Marx and Engels would have viewed the crisis as caused by irresponsible use of world resources due to the desire to maximize the profit. The main objective of investors in biofuel industry is to generate profits and they do not care about the basic needs of poor people who struggle with poverty due to rising fuel prices. At the same time, many countries are now focusing on the production of cash crops instead of food crops, which can be used to end food shortage. Even though cash crops can enhance economic growth, the production only benefits a few rich people and not the entire population. Developing countries such as Congo are developing sugar cane for biofuel when their people are sinking in hunger (Subramaniam & Bunka, 2013). Hence, the increased use of cone and cane to produce ethanol and biofuel is based on the capitalist concept.

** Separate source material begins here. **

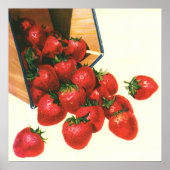 ヴィンテージイチゴ入りバスケット、フードフルーツベリー ポスター (正面)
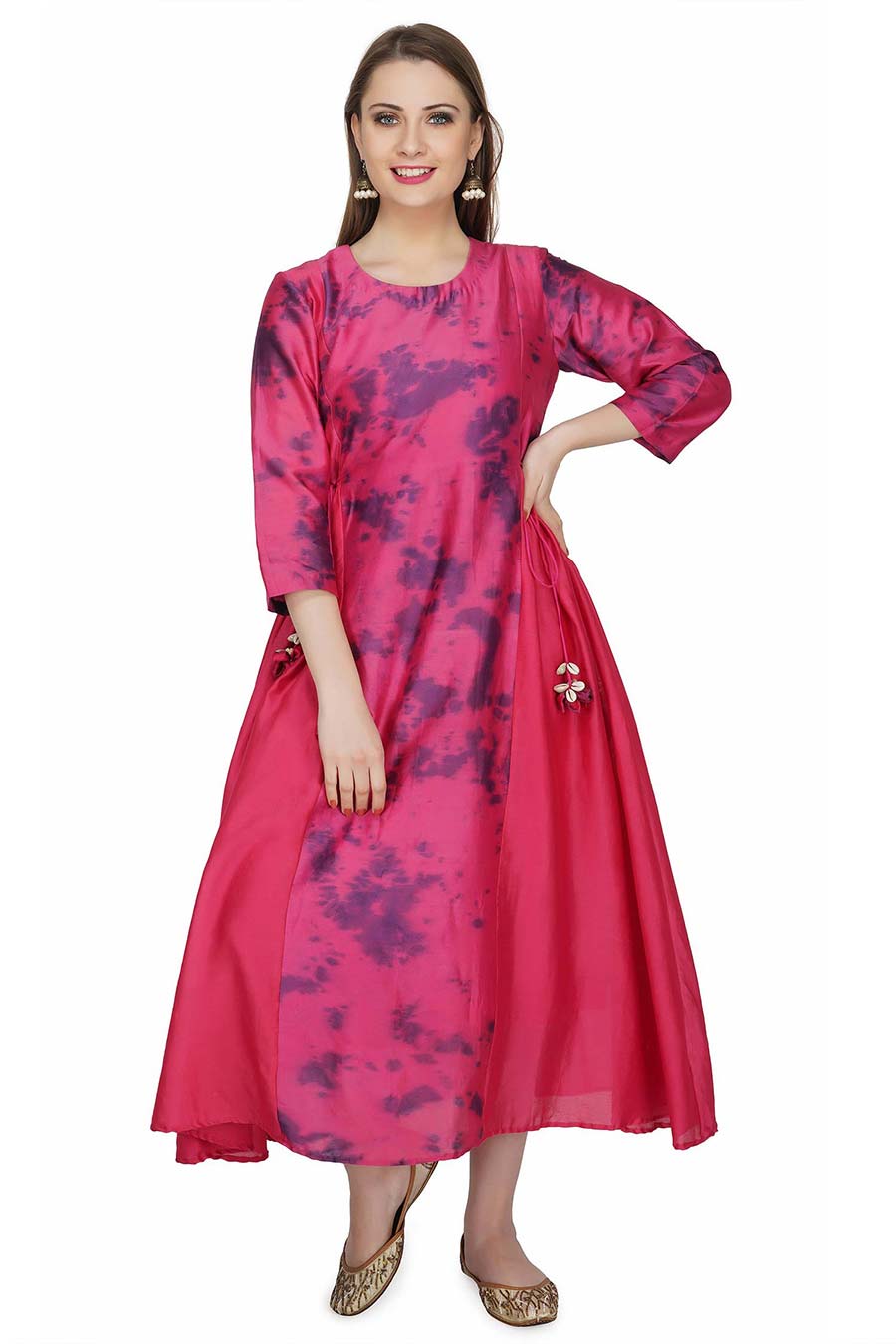 Marble Dyed Maroon Panel Dress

The increasing demand for foods in emerging countries such as China and Brazil due to the new eating habits is also suppressing the poor (Subramaniam & Bunka, 2013). The use of cereals to feed livestock instead of a human being is making millions of people to die with hunger while only a few middle class people can benefit. According to the view of Marx and Engels, the poor or suppressed should rise up and fight capitalism that is causing food crisis. They would have also associated environmental changes to increased capitalist industrialization that has destroyed the environment at the expenses of the needs of humanity such as food. Capitalism destroys the world’s crucial resources and it has led to anti-natural behavior among the rich in the society.
Therefore, based on the argument of Marx and Engels in the Communist Manifesto , has led to over-production that only capitalists alone benefit from, but not the poor in the society. Capitalism has led to the irrational production of products such as biofuel and mass production of meet that meet the demand of a few middle class while millions of people are left to starve. Based on the views of the two scholars, capitalism has created abundance in the production. However, as long as the capitalist system is allowed to continue, the world is likely to experience a situation where the overproduction of commodities such as biofuel and ethanol goes along with a shortage of basic foodstuff that is consumed by the majority. Hence, according to Marx and Engels, capitalism is no longer able to feed humanity and it is the time for proletarian to assume their responsibility and overthrow the exploitative system, capitalism. Marx and Engels would have maintained that it is through world communist revolution that the society is able to create enough food to feed the entire global population.
Clapp, J., & Cohen, M. J. (Eds.). (2009). The global food crisis: Governance challenges and opportunities . Wilfrid Laurier Univ. Press.
Subramaniam, M., & Bunka, C. (2013). Food security and state: policy considerations for the contemporary food crisis. Purdue Policy Research Institute (PPRI) Policy Briefs , 1 (1), 7.